§ Assignment: Every line of the listing below should come back exactly as written, with no images.

[Data provided Boundary: Start]

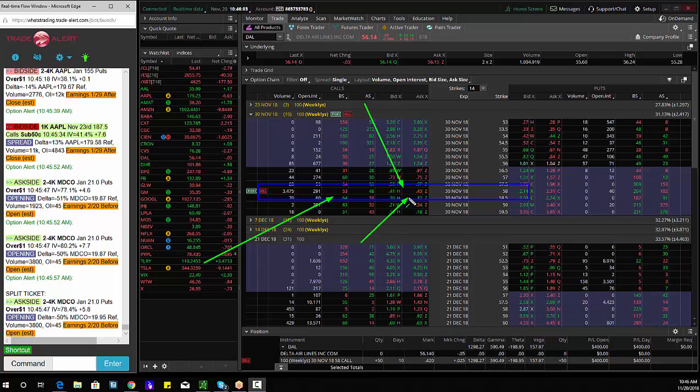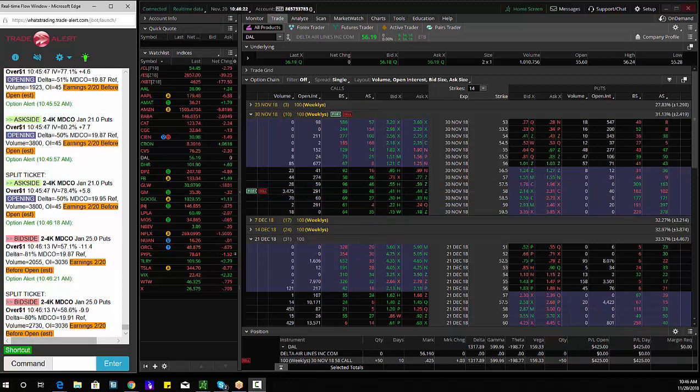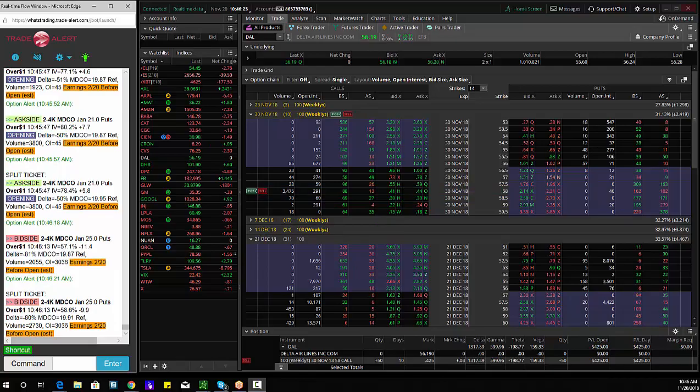58 calls for 34 cents. You can see here about $400. I bought 50 of them. They're up 8 cents, targets will be 45 and 55. Thanks and we'll run it back tomorrow.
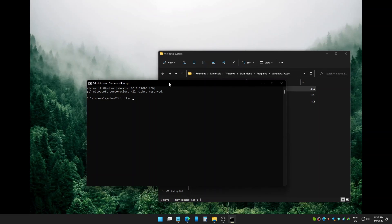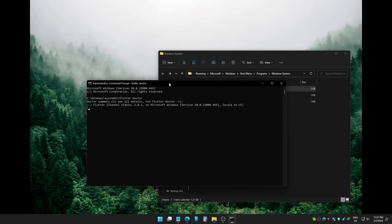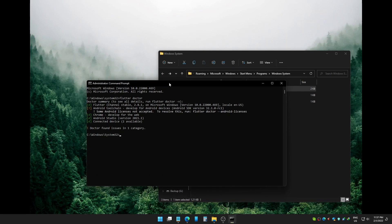How to solve some Android licenses not accepted. It's really easy to fix. Do this: type flutter doctor --android-licenses and click enter.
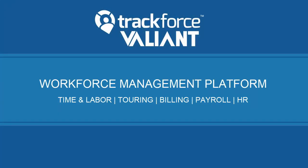TrackForce Valiant is a comprehensive platform for security workforce management and includes uniquely tailored solutions for time and labor management, guard touring, billing management, payroll management, and human resource management.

[Data provided Boundary: End]

§ Answer to this exercise:
58 calls for 34 cents. You can see here about $400. I bought 50 of them. They're up 8 cents, targets will be 45 and 55. Thanks and we'll run it back tomorrow.
How to solve some Android licenses not accepted. It's really easy to fix. Do this: type flutter doctor --android-licenses and click enter.
TrackForce Valiant is a comprehensive platform for security workforce management and includes uniquely tailored solutions for time and labor management, guard touring, billing management, payroll management, and human resource management.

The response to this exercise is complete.